What you should do: Using the data below, set down every line from the one containing "Aurasia Beach Hotel" through the one containing "Tersangka dugaan korupsi", inclusive and unchanged. Pictures are to be skipped.

======== Supplied records ========

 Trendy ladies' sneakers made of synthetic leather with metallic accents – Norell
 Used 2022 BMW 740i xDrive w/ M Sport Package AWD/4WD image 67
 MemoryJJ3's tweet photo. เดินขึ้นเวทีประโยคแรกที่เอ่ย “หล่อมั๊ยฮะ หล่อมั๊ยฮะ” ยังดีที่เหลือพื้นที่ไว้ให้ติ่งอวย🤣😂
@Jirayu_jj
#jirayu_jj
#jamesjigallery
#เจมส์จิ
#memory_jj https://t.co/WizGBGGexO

========
======== Supplied records ========

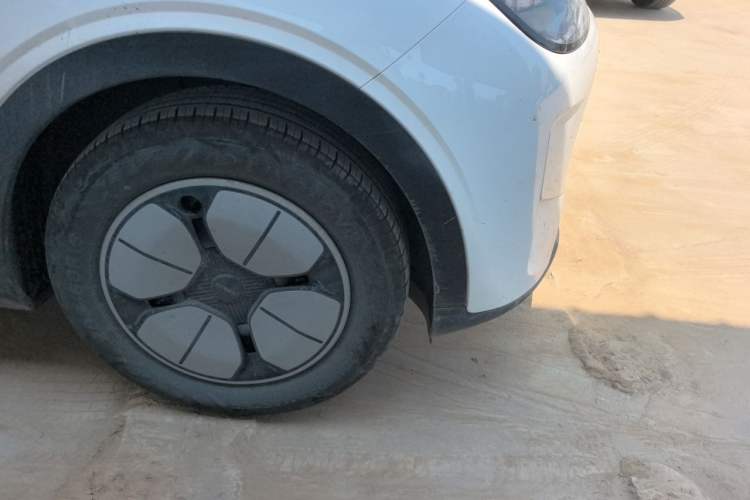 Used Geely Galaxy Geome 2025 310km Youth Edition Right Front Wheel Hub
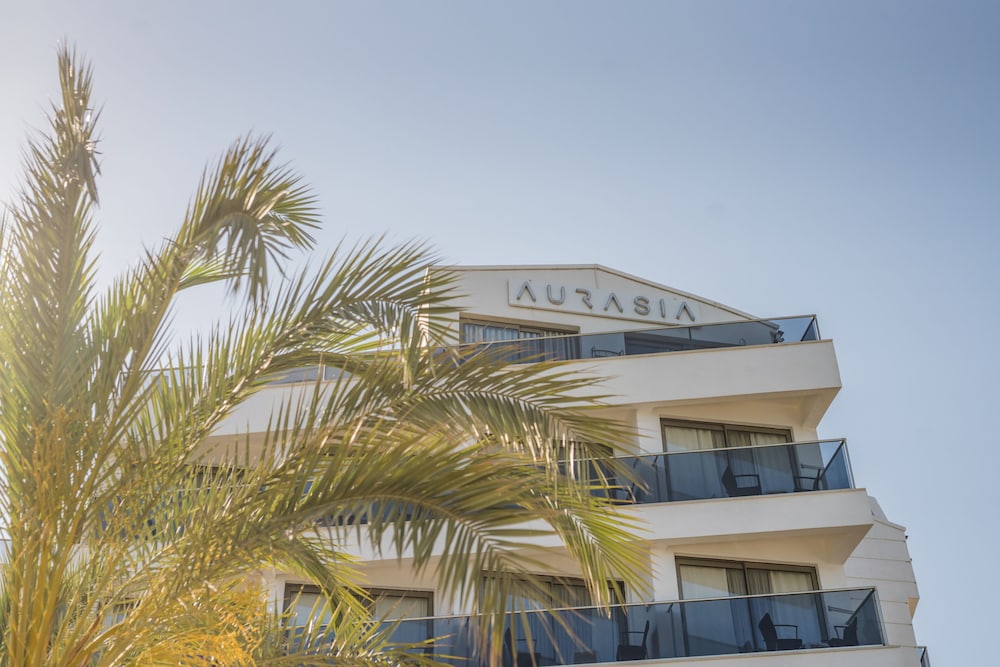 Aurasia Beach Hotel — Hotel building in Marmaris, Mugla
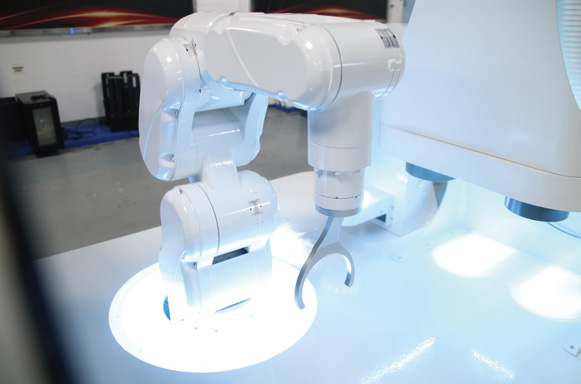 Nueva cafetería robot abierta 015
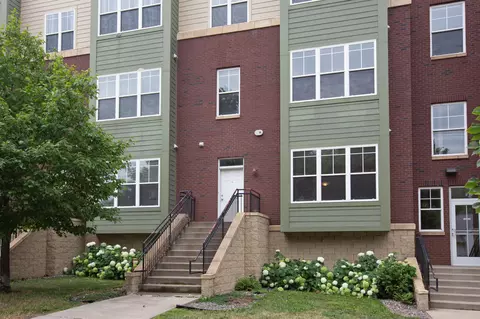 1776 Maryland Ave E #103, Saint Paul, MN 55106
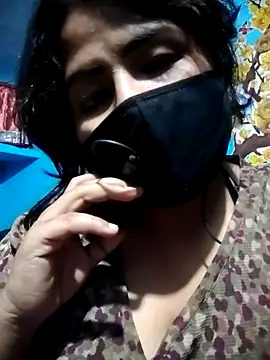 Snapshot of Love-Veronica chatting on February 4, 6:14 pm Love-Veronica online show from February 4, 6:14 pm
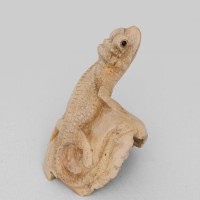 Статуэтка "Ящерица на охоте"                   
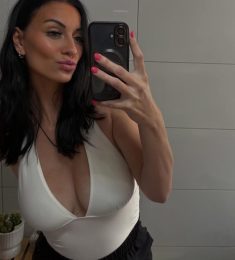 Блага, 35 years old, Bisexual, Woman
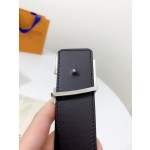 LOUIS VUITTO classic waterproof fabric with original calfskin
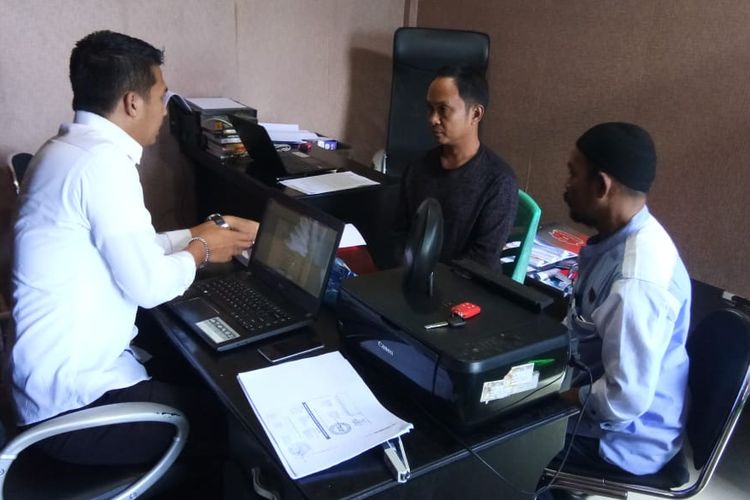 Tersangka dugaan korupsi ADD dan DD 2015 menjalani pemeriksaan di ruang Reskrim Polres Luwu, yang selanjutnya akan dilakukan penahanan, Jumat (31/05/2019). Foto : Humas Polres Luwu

========

The completed task:
 Aurasia Beach Hotel — Hotel building in Marmaris, Mugla
 Nueva cafetería robot abierta 015
 1776 Maryland Ave E #103, Saint Paul, MN 55106
 Snapshot of Love-Veronica chatting on February 4, 6:14 pm Love-Veronica online show from February 4, 6:14 pm
 Статуэтка "Ящерица на охоте"                   
 Блага, 35 years old, Bisexual, Woman
 LOUIS VUITTO classic waterproof fabric with original calfskin
 Tersangka dugaan korupsi ADD dan DD 2015 menjalani pemeriksaan di ruang Reskrim Polres Luwu, yang selanjutnya akan dilakukan penahanan, Jumat (31/05/2019). Foto : Humas Polres Luwu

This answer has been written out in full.